#### Given information
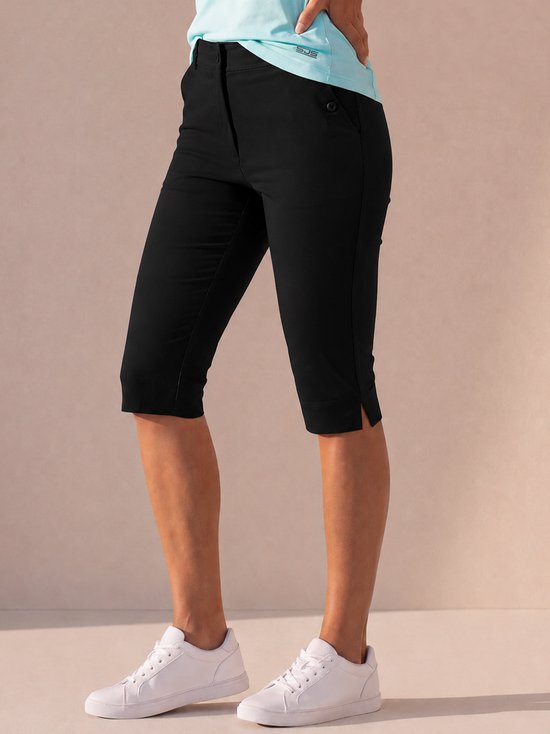 Model in zwarte capribroek tot net boven de knie, met splitjes aan de zijkanten en witte sneakers.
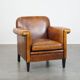Sheepskin Art Deco design armchair with sleek finish and black piping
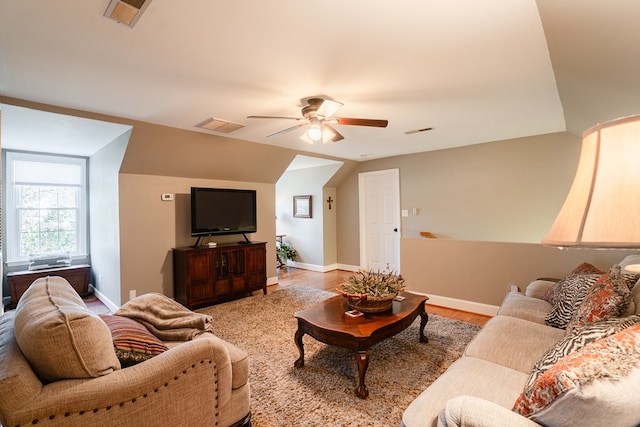 living room featuring ceiling fan, light hardwood / wood-style floors, and vaulted ceiling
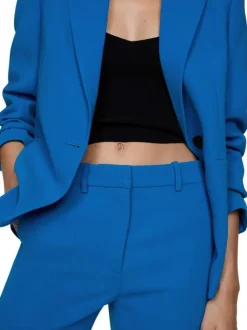 Pantalon Chino bleu uni avec une coupe bootcut et zippé boutonné à la taille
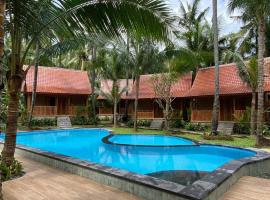 Villa Lova Sambirenteng, ξενοδοχείο με πισίνα σε Gretek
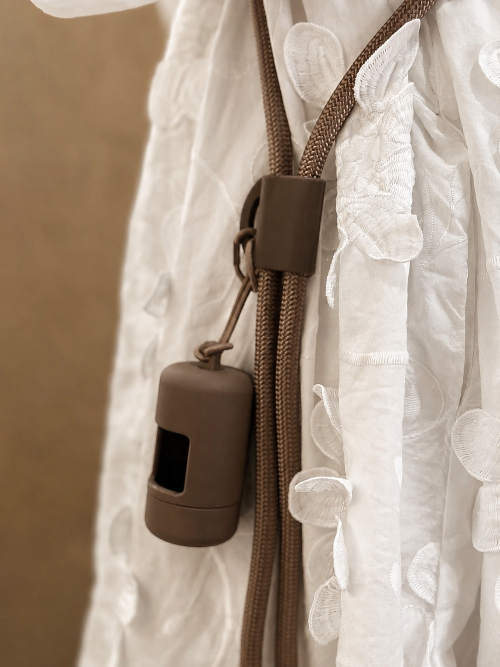 Close-up detail of the brown Muttu poop bag dispenser securely attached to the hands-free crossbody dog leash.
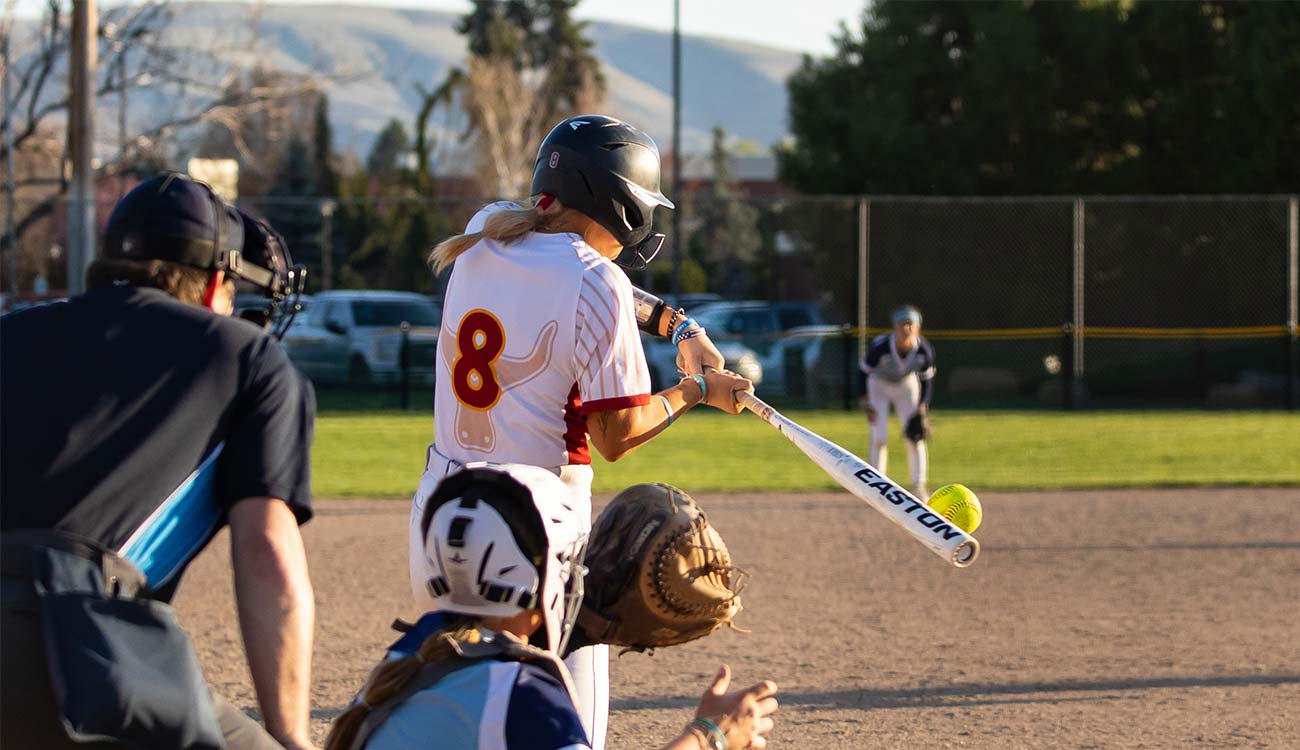 YVC softball player wearing number 8 hits the ball during a game.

#### To do
Output all the material verbatim, skipping every image.

#### Written response
 Model in zwarte capribroek tot net boven de knie, met splitjes aan de zijkanten en witte sneakers.
Sheepskin Art Deco design armchair with sleek finish and black piping
 living room featuring ceiling fan, light hardwood / wood-style floors, and vaulted ceiling
 Pantalon Chino bleu uni avec une coupe bootcut et zippé boutonné à la taille
 Villa Lova Sambirenteng, ξενοδοχείο με πισίνα σε Gretek
 Close-up detail of the brown Muttu poop bag dispenser securely attached to the hands-free crossbody dog leash.
 YVC softball player wearing number 8 hits the ball during a game.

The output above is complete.